The RCMP has also asked Duffy for those emails, but it’s not clear whether he has them or whether they are still with Payne. Since he was Payne’s client, he can presumably demand them, but neither he nor Payne has said whether they intend to hand them over.

Question 2: How did the Prime Minister’s Office manage to lose track of Perrin’s emails?

In September, when RCMP Cpl. Greg Horton asked the PMO for Perrin’s emails, he was told they had been deleted.

“Internal practice within the PMO is that a person’s account and emails are removed from the computer server once their employment ends,” Horton wrote.

Last month, after Horton filed his ITO – which led to public speculation about email backups – the RCMP contacted the PMO to ask it to look for the emails again.

On Sunday evening, Isabelle Mondou, an assistant secretary to Cabinet, wrote to the RCMP to say that on Friday, officials discovered “that Mr. Perrin’s emails had in fact been retained due to a litigation hold in an unrelated matter.”

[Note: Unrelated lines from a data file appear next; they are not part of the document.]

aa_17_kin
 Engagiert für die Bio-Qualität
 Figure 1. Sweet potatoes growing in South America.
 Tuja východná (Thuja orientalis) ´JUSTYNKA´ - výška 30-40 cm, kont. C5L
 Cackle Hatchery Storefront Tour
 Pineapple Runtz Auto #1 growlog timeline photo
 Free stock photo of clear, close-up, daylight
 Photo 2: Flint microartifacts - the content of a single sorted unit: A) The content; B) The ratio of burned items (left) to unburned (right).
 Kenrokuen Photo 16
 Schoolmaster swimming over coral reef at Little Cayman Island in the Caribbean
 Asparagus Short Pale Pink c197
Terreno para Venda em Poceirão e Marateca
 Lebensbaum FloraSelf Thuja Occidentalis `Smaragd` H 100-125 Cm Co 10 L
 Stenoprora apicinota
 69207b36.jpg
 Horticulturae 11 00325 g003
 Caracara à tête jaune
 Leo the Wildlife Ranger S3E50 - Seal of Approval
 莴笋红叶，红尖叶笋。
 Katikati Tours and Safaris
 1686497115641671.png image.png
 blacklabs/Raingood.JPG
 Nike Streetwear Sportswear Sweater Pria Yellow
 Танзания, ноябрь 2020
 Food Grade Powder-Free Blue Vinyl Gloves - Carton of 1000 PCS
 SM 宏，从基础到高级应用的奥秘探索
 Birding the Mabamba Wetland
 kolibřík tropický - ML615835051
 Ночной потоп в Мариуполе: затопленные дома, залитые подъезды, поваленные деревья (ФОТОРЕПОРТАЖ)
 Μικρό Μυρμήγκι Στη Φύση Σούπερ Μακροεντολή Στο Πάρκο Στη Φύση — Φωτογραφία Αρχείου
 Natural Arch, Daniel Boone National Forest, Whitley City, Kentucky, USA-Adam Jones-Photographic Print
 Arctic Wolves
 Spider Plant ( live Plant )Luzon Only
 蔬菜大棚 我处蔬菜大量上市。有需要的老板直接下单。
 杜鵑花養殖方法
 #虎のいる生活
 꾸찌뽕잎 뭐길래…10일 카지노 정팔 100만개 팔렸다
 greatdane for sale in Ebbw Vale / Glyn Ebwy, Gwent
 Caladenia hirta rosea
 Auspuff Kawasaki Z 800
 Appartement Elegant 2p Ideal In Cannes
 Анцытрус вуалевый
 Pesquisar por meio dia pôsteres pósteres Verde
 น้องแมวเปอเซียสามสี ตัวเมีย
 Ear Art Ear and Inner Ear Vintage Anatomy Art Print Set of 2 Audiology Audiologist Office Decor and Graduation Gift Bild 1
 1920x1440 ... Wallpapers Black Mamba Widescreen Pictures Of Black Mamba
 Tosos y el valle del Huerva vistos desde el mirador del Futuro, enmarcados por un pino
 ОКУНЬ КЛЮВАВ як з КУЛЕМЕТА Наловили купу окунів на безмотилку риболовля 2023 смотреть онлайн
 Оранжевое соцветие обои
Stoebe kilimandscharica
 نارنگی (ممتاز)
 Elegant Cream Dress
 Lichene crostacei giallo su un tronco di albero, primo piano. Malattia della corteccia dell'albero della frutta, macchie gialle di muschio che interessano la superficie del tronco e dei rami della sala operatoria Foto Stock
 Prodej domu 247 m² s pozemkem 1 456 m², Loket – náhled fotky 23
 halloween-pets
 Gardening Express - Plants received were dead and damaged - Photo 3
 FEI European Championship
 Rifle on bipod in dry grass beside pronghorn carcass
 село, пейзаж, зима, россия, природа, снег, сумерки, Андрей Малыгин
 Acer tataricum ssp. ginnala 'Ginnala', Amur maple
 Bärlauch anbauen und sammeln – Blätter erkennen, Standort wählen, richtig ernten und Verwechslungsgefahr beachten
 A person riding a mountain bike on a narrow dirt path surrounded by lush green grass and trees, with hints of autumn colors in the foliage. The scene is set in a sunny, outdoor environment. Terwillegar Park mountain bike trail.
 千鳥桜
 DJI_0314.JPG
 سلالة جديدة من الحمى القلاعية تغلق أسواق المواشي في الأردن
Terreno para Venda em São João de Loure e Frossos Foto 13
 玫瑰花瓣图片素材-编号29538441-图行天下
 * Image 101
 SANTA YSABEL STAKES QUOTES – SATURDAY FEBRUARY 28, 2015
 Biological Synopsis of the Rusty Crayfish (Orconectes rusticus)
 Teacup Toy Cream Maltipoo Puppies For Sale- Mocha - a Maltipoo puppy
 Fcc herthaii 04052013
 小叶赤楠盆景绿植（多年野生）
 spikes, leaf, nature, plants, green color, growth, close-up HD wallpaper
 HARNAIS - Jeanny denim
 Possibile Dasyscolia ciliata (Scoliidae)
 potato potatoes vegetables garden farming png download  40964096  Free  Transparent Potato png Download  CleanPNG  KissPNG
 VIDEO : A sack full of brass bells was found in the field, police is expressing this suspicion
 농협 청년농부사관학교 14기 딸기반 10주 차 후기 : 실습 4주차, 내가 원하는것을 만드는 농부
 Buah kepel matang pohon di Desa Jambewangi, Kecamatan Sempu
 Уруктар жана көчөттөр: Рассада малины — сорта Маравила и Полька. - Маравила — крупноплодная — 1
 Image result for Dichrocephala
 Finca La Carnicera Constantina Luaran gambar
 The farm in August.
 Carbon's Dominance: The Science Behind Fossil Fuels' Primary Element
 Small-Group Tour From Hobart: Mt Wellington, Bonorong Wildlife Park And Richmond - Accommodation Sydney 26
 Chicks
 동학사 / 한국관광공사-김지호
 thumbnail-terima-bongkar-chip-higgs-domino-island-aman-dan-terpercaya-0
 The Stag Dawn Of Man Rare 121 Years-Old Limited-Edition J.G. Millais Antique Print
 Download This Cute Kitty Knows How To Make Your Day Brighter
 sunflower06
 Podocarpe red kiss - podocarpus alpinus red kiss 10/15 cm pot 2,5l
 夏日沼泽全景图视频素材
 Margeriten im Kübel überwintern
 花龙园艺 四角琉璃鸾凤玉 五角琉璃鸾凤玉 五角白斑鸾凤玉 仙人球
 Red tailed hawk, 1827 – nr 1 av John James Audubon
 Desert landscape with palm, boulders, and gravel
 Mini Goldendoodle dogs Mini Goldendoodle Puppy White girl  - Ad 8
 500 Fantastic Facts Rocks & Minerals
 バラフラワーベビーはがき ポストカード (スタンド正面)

Mondou apologized for having “previously failed, even if inadvertently, to accurately inform you and the PMO,” and promised to hand over the emails.

On Twitter, Postmedia columnist Andrew Coyne expressed skepticism about the PMO’s story: “You don’t check? You don’t get that straight? You don’t nail that down? You don’t ask?”

In reply, Jason MacDonald, director of communications to Prime Minister Stephen Harper, replied: “We did ask. Repeatedly. PCO (Privy Council Office) said they were gone. Repeatedly. They were wrong. We told them to tell the RCMP. They’ve done that.”

Question 3: Does the government really delete email accounts when employees leave?

The letter from Mondou says that “the operating protocol of the PCO to close and delete email accounts of departing employees of the PCO and the PMO is a matter of course.”

On Nov. 22, in response to a question about the account-deletion policy, PCO spokesman Raymond Rivet provided links to federal policy documents that outline rules for dealing with documents, neither of which mention PCO’s “operating protocol.”

On Monday, Rivet failed to respond to follow up questions asking about that protocol, but Ian E. Wilson, who was chief Librarian and Archivist of Canada until 2009, said in an interview Monday that it seems unlikely that all PCO and PMO email accounts are routinely deleted.

“I think it has to be more complicated than that, as records created day by day in PMO in discussion and policy are of longterm importance to Canadians,” he said. “I find that wholesale deletion of email accounts – how do I put it? – seriously impact the historical record.”

The Library and Archives Act forbids officials from destroying records “without the written consent of the Librarian and Archivist or of a person to whom the Librarian and Archivist has, in writing, delegated the power to give such consents.”

Wilson said Parliament did not want officials routinely destroying documents.

Neither the Library and Archives nor PCO responded to queries on Monday about how they are complying with the act.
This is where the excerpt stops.